Ziel ist es, Proben von Menschen, Tieren und Umwelt für die molekulare Diagnostik, Serologie und Mikrobiologie zu verarbeiten. Darüber hinaus wird dieser mobile Laborprototyp der erste sein, der eine neuartige Sequenzierungsplattform der nächsten Generation umfasst. Diese soll in der Lage sein, jedes DNA- oder RNA-Virus zu erkennen, indem sie es frühzeitig an der Quelle aufspürt, an der Interventionsstrategien umgesetzt werden können, bevor es zu einem Übergreifen und einer Ausbreitung auf Menschen oder Tiere kommt.

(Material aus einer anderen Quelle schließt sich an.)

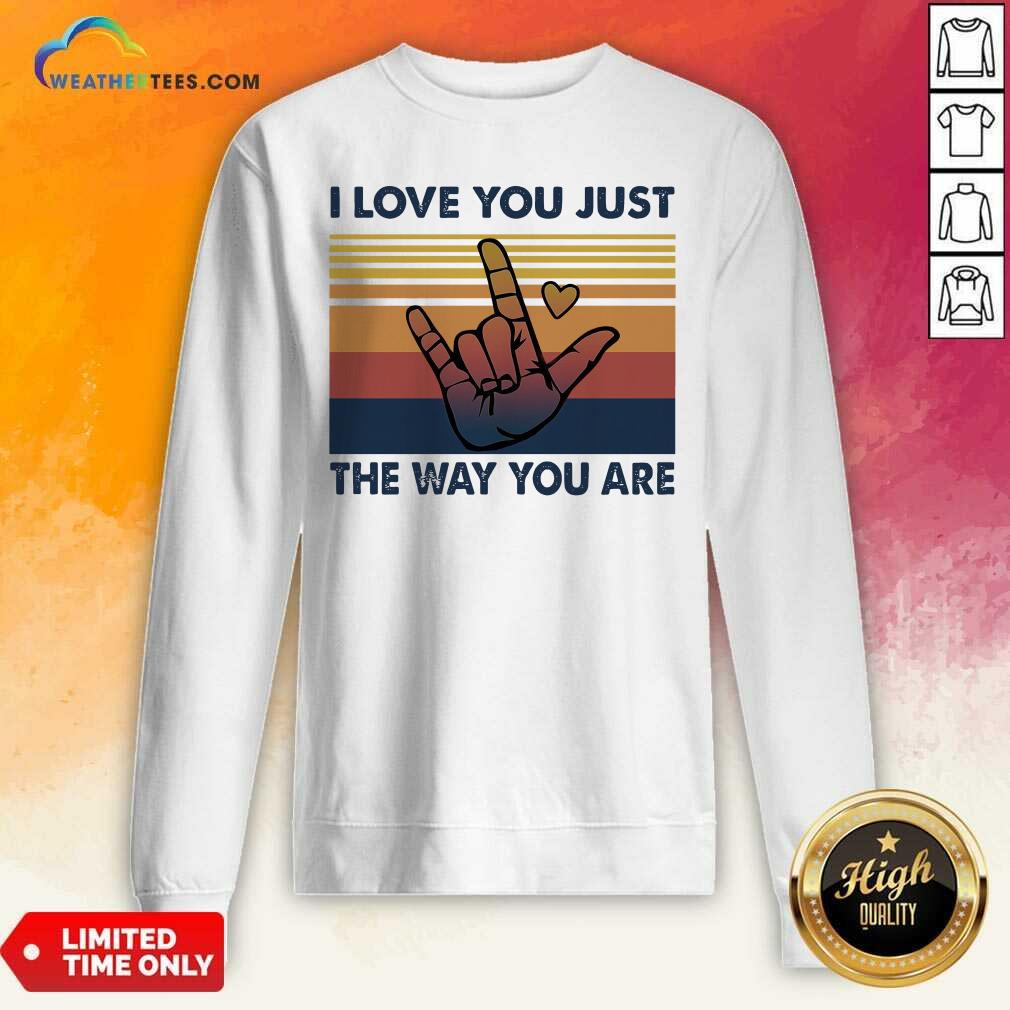 Grateful I Love You Just The Way You Are Vintage Retro Shirt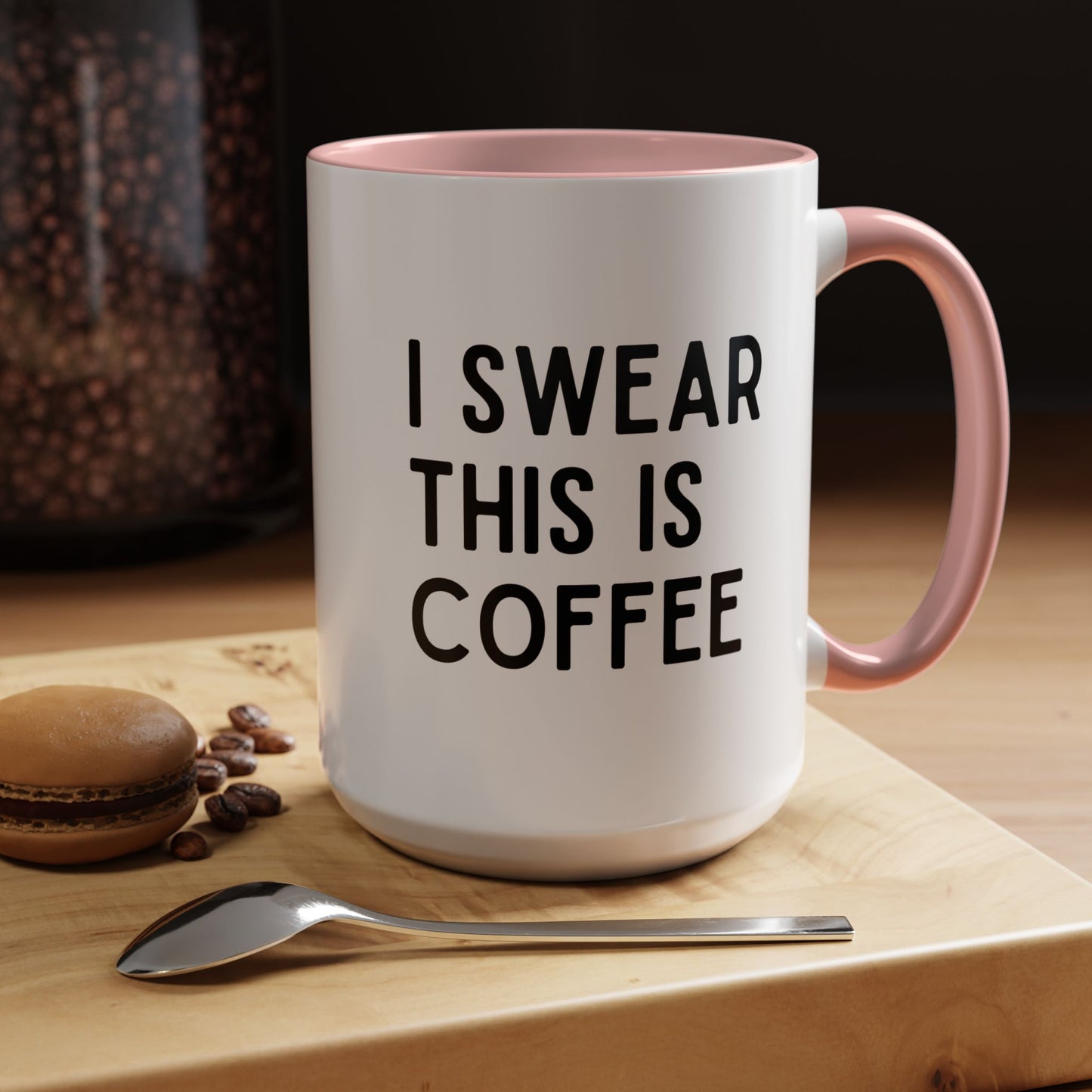 I Swear This Is Coffee Mug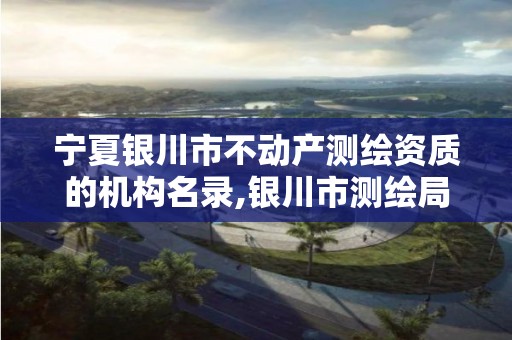 宁夏银川市不动产测绘资质的机构名录,银川市测绘局。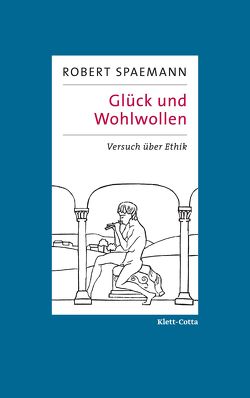 Glück und Wohlwollen von Spaemann,  Robert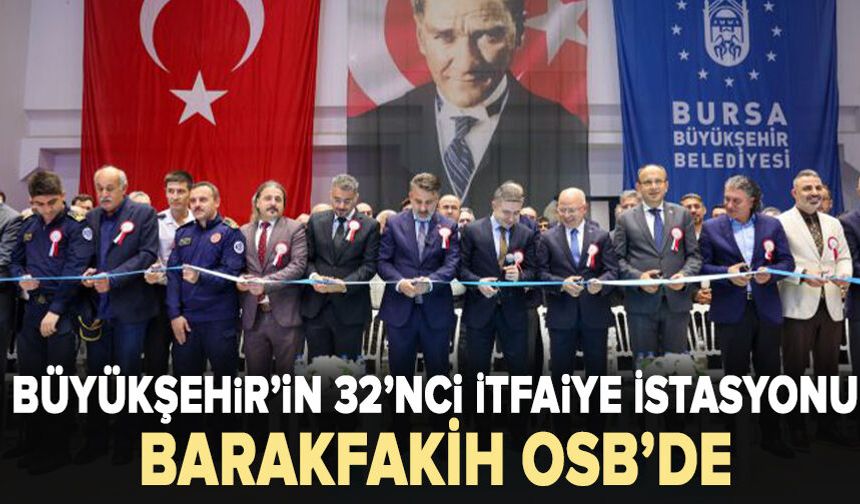 Büyükşehir’in 32’nci İtfaiye İstasyonu Barakfakih OSB’de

„Wir entwickeln eine neue Generation mobiler Labore,“ sagt Florian Gehre, der das Projekt zusammen mit Muna Affara auf BNITM-Seite koordiniert. „Sie sollen nicht nur über modernste Diagnostik verfügen; wir wollen sie auch mithilfe von Elektro- bzw. Hybrid-LKW transportieren und mit Solar- und Windenergie betreiben. Auf diese Weise unterstützen wir den Green Deal, nach dem Europa bis 2050 klimaneutral werden soll.“

Nach wie vor durchzieht der One-Health-Gedanke die Arbeit zahlreicher Forschungsgruppen am BNITM, z.B. Infektionsepidemiologie, Virologie, Bakteriologie, Parasitologie, Arbovirologie, Entomologie und Implementationsforschung. Tatsächlich ist One Health besonders wichtig bei der Bekämpfung von sogenannten vernachlässigten Tropenkrankheiten (NTDs): Sie treten in Ländern des Globalen Südens mit niedrigen Einkommen und schlechten hygienischen Bedingungen auf – etwa 1,5 Milliarden Menschen sind weltweit betroffen. Daher wird das BNITM nun einen interdisziplinären Cluster am Institut einrichten, der die One-Health-Aktivitäten zusammenführt, um eine ganzheitliche Forschung zu Infektionskrankheiten zu fördern.

Erst kürzlich hatte das BNITM eine strategische One-Health-Partnerschaft mit dem Friedrich-Loeffler-Institut (FLI), Bundesforschungsinstitut für Tiergesundheit geschlossen.